Different countries have different regulations for incoming dogs. For example North America, UK, and Europe do not require dogs to quarantine on arrival, but dogs moving to Australia, New Zealand, Singapore, and Taiwan will have to quarantine for a certain time period before being allowed to go home. As mentioned above, dogs entering the UK or Australia must also travel as manifest cargo.

Australia has strict regulations for pets entering the country, and requires negative tests for multiple diseases including tick fever (Ehrlichia canis). Dogs who have ever contracted tick fever in their lifetime may test positive for Ehrlichia canis even after they have recovered, therefore if you plan to move to Australia, make sure you stay up to date with your furry friend’s flea and tick prevention!

Dogs moving to Europe will need to apply for an EU pet passport, which includes their description and details such as microchip number, rabies vaccination record and contact details of the pawrent as well as the vet who issues the passport. In Germany you will need to register for a dog license and pay an annual “dog tax”.

Check to see whether certain breeds are restricted in your country as well!

4. Preparing for Travel

Preparing for Travel

Depending on which country you are moving to, your dog may have to spend an extended period of time in their crate during travel.
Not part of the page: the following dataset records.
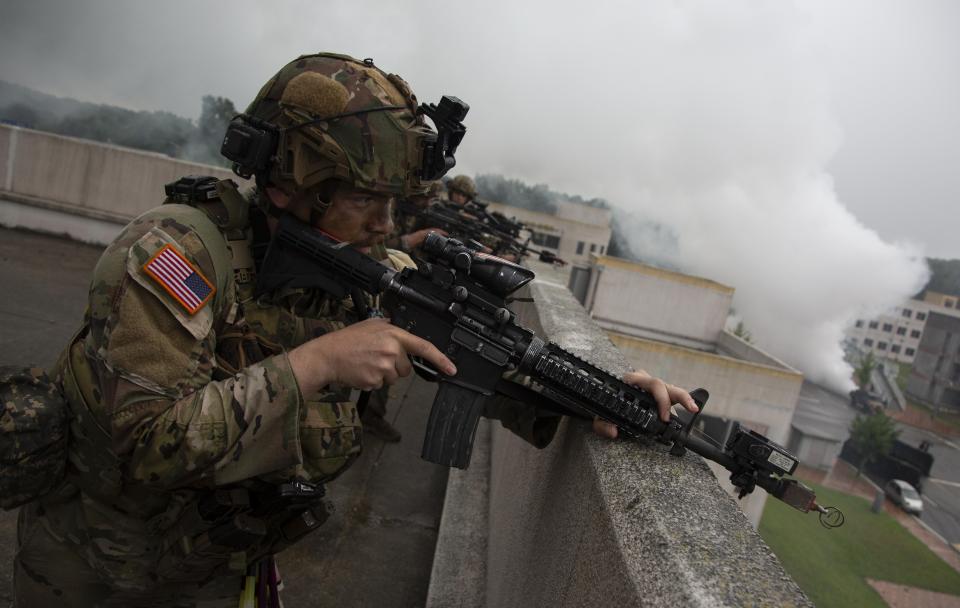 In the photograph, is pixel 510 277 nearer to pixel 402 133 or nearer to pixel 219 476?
pixel 402 133

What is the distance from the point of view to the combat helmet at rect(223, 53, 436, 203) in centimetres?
172

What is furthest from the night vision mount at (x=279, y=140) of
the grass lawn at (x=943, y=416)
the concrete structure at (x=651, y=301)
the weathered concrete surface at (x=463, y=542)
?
the grass lawn at (x=943, y=416)

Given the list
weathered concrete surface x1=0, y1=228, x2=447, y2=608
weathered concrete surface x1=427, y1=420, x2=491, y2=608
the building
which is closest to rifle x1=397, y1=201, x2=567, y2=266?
weathered concrete surface x1=0, y1=228, x2=447, y2=608

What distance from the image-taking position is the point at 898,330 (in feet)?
196

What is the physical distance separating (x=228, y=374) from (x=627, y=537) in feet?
3.82

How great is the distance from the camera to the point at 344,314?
218cm

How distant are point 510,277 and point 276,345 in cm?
78

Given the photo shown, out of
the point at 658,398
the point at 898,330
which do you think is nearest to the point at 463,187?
the point at 658,398

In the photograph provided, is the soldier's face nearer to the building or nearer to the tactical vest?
the tactical vest

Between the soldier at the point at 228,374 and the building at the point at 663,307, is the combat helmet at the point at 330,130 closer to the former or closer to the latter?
the soldier at the point at 228,374

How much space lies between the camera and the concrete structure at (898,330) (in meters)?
58.2

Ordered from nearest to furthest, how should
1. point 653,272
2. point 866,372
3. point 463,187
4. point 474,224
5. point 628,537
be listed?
point 628,537, point 474,224, point 463,187, point 653,272, point 866,372

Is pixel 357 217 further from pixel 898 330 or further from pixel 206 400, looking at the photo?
pixel 898 330

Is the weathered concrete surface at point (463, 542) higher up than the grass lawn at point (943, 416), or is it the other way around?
the weathered concrete surface at point (463, 542) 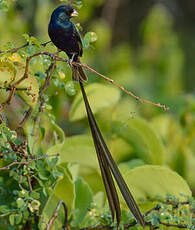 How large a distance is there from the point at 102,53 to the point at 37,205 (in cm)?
206

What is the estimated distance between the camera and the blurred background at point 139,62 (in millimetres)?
1191

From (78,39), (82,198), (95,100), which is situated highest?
(78,39)

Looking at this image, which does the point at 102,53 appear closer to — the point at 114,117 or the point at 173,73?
the point at 173,73

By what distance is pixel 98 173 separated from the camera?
2.99ft

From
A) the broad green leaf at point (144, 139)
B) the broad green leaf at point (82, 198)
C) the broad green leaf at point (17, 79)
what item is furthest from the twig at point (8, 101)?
the broad green leaf at point (144, 139)

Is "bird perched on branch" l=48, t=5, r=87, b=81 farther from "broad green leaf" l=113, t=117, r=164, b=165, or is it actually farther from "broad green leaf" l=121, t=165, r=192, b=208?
"broad green leaf" l=113, t=117, r=164, b=165

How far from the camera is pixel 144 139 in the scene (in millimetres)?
970

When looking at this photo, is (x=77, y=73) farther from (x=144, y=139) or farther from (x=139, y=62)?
(x=139, y=62)

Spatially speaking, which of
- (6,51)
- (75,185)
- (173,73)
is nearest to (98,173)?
(75,185)

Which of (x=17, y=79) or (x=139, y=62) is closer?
(x=17, y=79)

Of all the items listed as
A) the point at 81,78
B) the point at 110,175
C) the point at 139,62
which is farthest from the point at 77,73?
the point at 139,62

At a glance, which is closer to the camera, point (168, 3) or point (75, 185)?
point (75, 185)

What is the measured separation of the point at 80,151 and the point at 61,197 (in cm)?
13

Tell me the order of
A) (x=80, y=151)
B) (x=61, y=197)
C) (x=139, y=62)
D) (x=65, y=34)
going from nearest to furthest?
A: (x=65, y=34), (x=61, y=197), (x=80, y=151), (x=139, y=62) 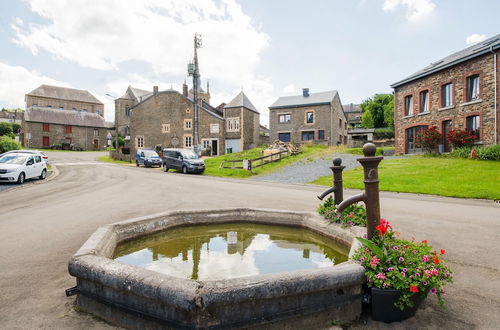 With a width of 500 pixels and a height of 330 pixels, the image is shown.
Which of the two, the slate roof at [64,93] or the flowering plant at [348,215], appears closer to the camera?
the flowering plant at [348,215]

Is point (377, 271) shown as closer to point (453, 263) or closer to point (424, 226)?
point (453, 263)

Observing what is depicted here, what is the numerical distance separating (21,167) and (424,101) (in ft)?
97.5

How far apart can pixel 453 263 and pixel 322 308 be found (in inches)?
101

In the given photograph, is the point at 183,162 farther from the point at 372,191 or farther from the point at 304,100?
the point at 304,100

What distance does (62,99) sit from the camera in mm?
66812

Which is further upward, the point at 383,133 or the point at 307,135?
the point at 383,133

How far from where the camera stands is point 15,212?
7.43 metres

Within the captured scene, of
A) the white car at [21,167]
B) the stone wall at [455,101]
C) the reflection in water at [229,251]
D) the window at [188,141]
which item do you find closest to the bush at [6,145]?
the white car at [21,167]

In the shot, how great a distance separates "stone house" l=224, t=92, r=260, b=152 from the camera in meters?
37.5

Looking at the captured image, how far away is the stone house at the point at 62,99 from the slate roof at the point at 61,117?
5.73 meters

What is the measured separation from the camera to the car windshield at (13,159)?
590 inches

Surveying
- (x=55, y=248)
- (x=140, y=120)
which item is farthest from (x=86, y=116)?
(x=55, y=248)

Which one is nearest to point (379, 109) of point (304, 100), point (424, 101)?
point (304, 100)

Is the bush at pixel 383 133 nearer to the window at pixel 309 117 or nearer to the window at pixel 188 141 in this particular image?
the window at pixel 309 117
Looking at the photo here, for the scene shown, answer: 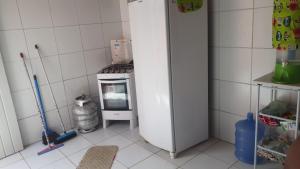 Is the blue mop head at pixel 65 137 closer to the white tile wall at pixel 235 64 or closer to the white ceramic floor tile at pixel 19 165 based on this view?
the white ceramic floor tile at pixel 19 165

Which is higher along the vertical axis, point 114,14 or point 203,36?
point 114,14

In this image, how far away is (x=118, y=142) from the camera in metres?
2.49

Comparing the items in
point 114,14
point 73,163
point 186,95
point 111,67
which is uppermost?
point 114,14

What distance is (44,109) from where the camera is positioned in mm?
2609

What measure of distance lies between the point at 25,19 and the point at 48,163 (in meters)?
1.37

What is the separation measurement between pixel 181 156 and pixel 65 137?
1241 mm

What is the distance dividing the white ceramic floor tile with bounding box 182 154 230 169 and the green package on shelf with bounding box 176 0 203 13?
1.23m

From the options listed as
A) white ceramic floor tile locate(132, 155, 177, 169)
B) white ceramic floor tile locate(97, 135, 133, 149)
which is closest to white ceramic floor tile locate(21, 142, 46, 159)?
white ceramic floor tile locate(97, 135, 133, 149)

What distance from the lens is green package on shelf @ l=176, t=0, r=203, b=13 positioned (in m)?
1.88

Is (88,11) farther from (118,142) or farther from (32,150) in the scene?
(32,150)

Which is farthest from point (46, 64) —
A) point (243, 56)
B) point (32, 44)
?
point (243, 56)

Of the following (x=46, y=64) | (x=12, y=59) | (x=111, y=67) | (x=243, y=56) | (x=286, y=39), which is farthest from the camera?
(x=111, y=67)

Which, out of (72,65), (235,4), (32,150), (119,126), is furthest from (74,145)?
(235,4)

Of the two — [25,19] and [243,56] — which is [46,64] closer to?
[25,19]
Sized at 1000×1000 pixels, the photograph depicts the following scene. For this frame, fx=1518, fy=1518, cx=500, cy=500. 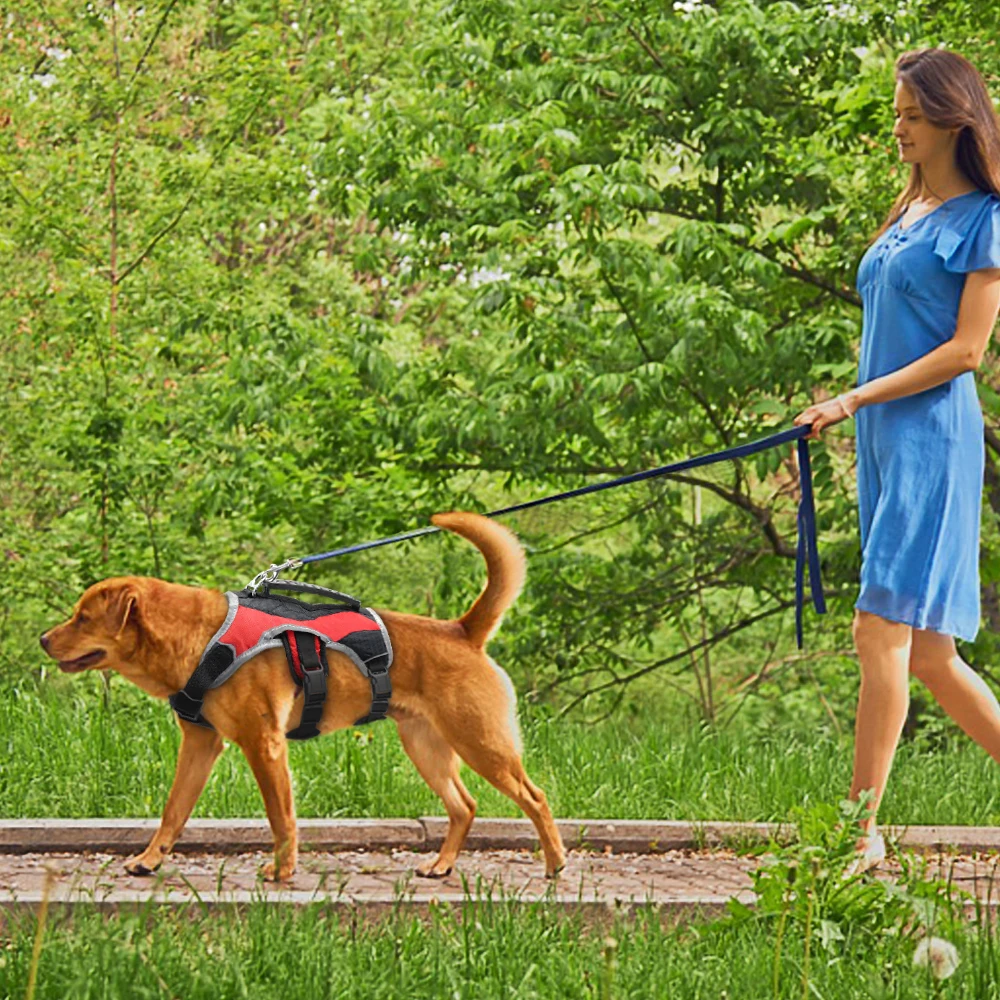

It is best to begin crate training well in advance so that your dog gets used to staying inside their crate. Whiskers N Paws offers airline approved travel crates in 6 different sizes, helping you find the perfect one for your pet. Remember to confirm any crate requirements with your airline.

Always keep the crate a positive place for your dog and never use it as punishment. Provide a long lasting chew or your dog’s favourite treat for them to enjoy inside the crate. Keep the door open in the beginning to allow your dog to move in and out freely, before slowly closing the door for short periods of time.

Travelling and immigrating with your dog may require extra planning, but it is possible! Before adopting a pet, remember that it is a lifetime commitment which means if you are planning on leaving the country you need to plan to bring them with you as well! If you are unsure about what you need in order to bring your dog to a different country, a pet relocation company can help.

Dogs are family, and family means nobody gets left behind.